What Makes a Cult Classic?: Trashy Movies and their Gay Fans
FILM1-5a-Tue1
Tyler Clark
This course will take place virtually on Zoom. Participation in this course requires a device (ideally a computer or tablet, rather than a cell phone) with a camera and microphone in good working order and basic familiarity with using Zoom and accessing email.
September 10 - October 8
“This movie is SO bad, it’s good!” A statement such as this usually defines what we refer to as a “cult classic,” or a film that fails to gain traction with wide audiences—but is idolized by an obsessive (and usually queer) fanbase. This course teaches the fundamentals of such films, what they are, and why they should be watched again and again even decades later.
In this course, we will watch three of the greatest cult classics of all time: Whatever Happened to Baby Jane?, The Rocky Horror Picture Show, and Mommie Dearest in order to relish in all of their absurdist glory. We will discuss how these films gain traction particularly in queer and underground communities, who often go so far as to perform live reenactments in gay clubs and theatres throughout the world.

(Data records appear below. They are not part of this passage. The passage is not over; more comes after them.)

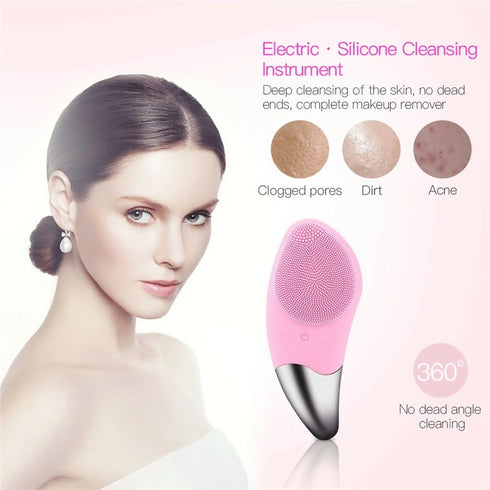 Silicone Face Cleansing Device and Brush
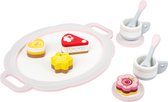 Houten speelgoed eten en drinken - Koffie en Cake speelset - FSC - Houten speelgoed vanaf 3 jaar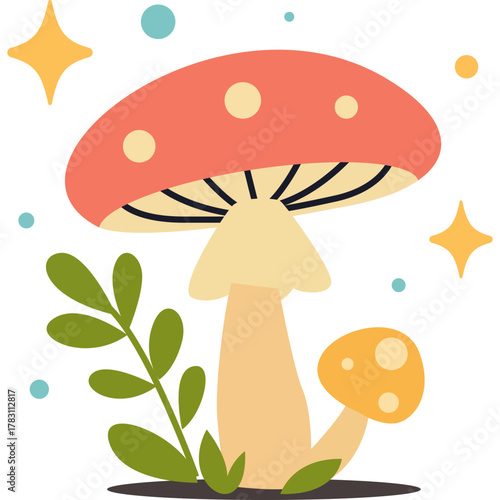 Magic Mushrooms Vector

Our goal as a group is to find appreciation for the absurd and the tacky, to understand why these specific films (amongst many others) are adored so vehemently by a select few, and to possibly become fanatics as well. Cult classics range back from the beginning of moving pictures, and these three titles will reflect on the development of film throughout the twentieth century as well. No prior knowledge of these films is required nor expected, but an eye for the peculiar and a love of fun most certainly is.

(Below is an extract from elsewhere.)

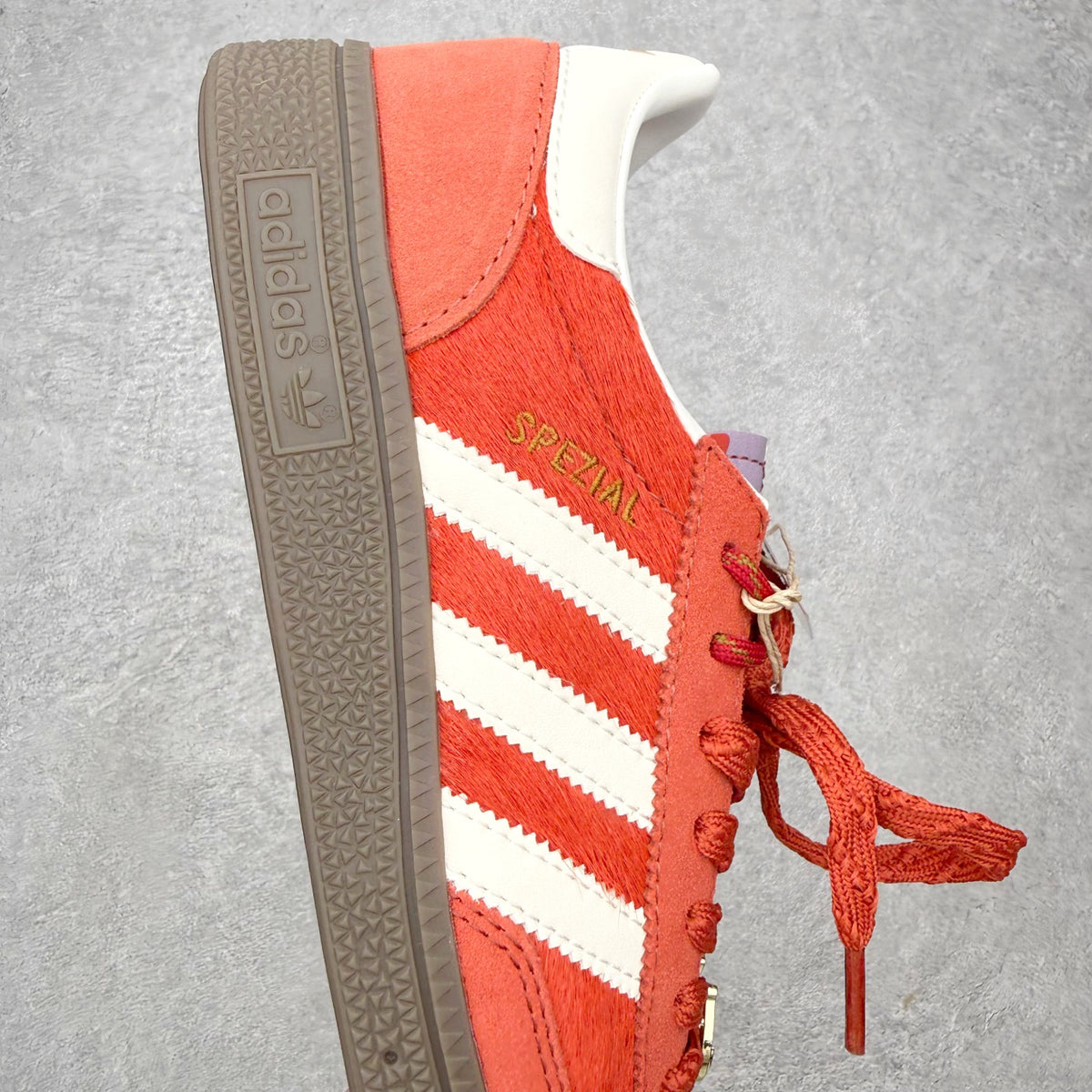Adidas x CNY Handball Spezial Glory Amber detalhe lateral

More lecture than facilitated discussion.
The materials for this course are the three films: Whatever Happened to Baby Jane?, The Rocky Horror Picture Show, and Mommie Dearest. These films are easy to rent online, and they can possibly also be found for free on the Internet Archive or YouTube (the quality of free streaming may not be very good).

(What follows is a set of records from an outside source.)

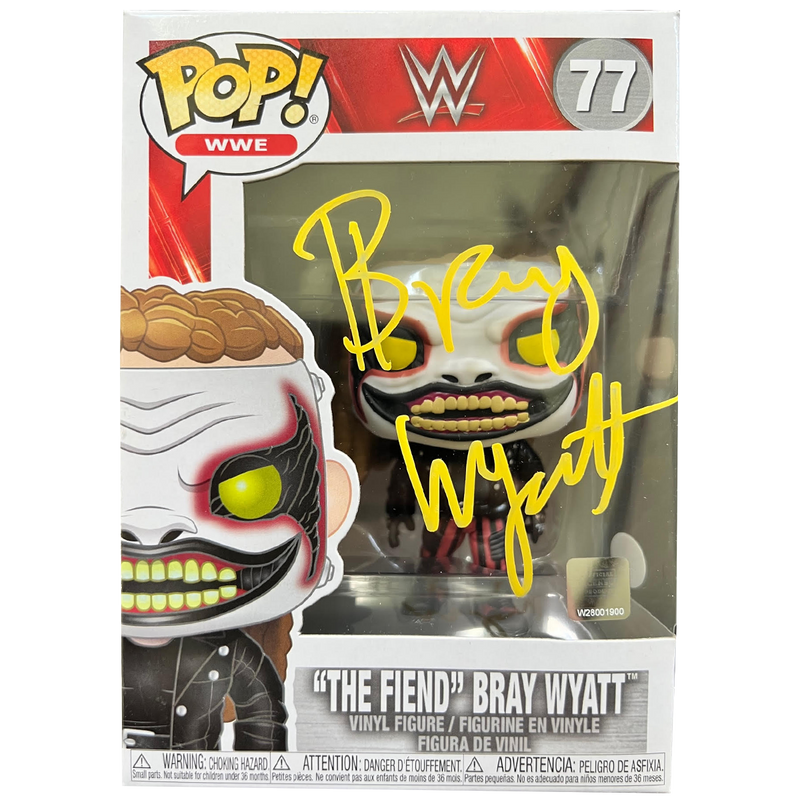 Bray Wyatt Autographed Fiend Pop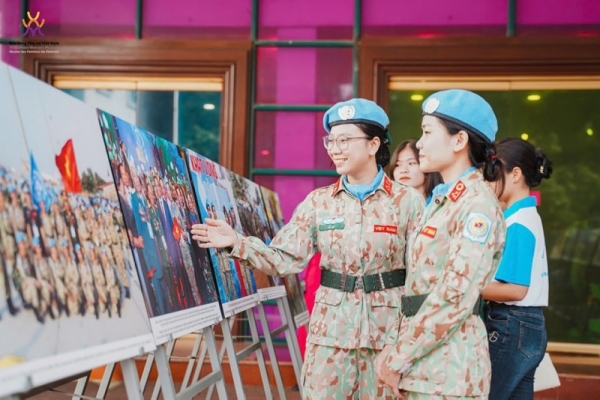 La beauté vietnamienne en mission de maintien de la paix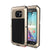 Galaxy S6 EDGE  Case, PUNKcase Metallic Gold Shockproof  Slim Metal Armor Case (Color in image: gold)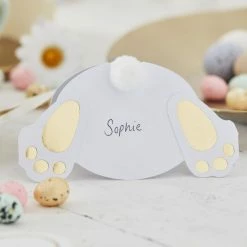 Ginger Ray Bunny Pom Pom Bum Easter Name Place Cards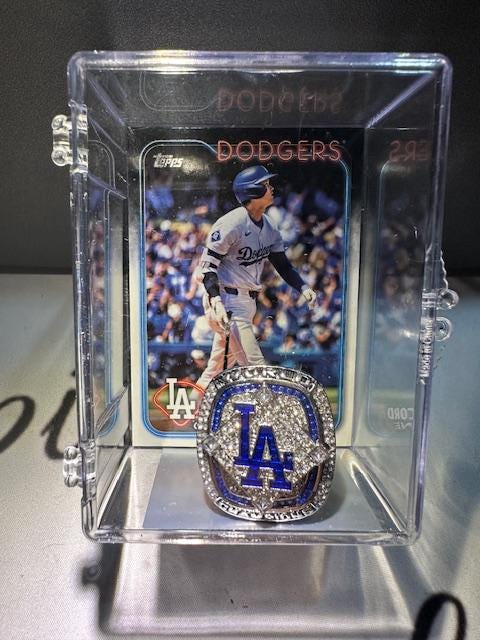2024 Los Angeles Dodgers World Series Championship Ring Shohei Ohtani
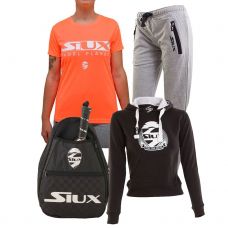 PACK EQUIPACION SIUX MUJER Y BANDOLERA SIUX S-BAG PLATA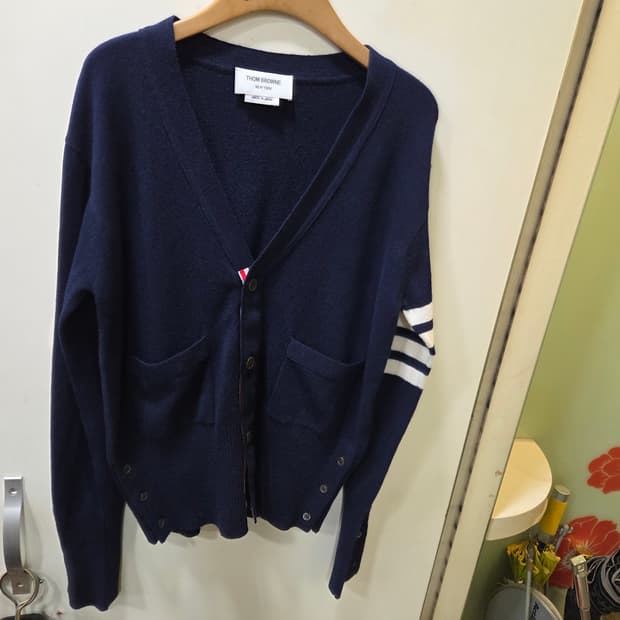 톰브라운 캐시미어 가디건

2 hours, give or take, for a film per week.
Tyler Clark earned his BA and MA in English at Northern Arizona University. He is currently a PhD candidate at the University of Massachusetts, Amherst with a concentration in Victorian literature and Queer theory. His focus lies primarily on gender deviance found in the sensational novel genre and its contemporary readership, as well as the homoerotic discourse of the Cambridge Apostles. Currently, he is researching “camp” as an underground, ritual expression of sexual deviance in late-nineteenth-century British men.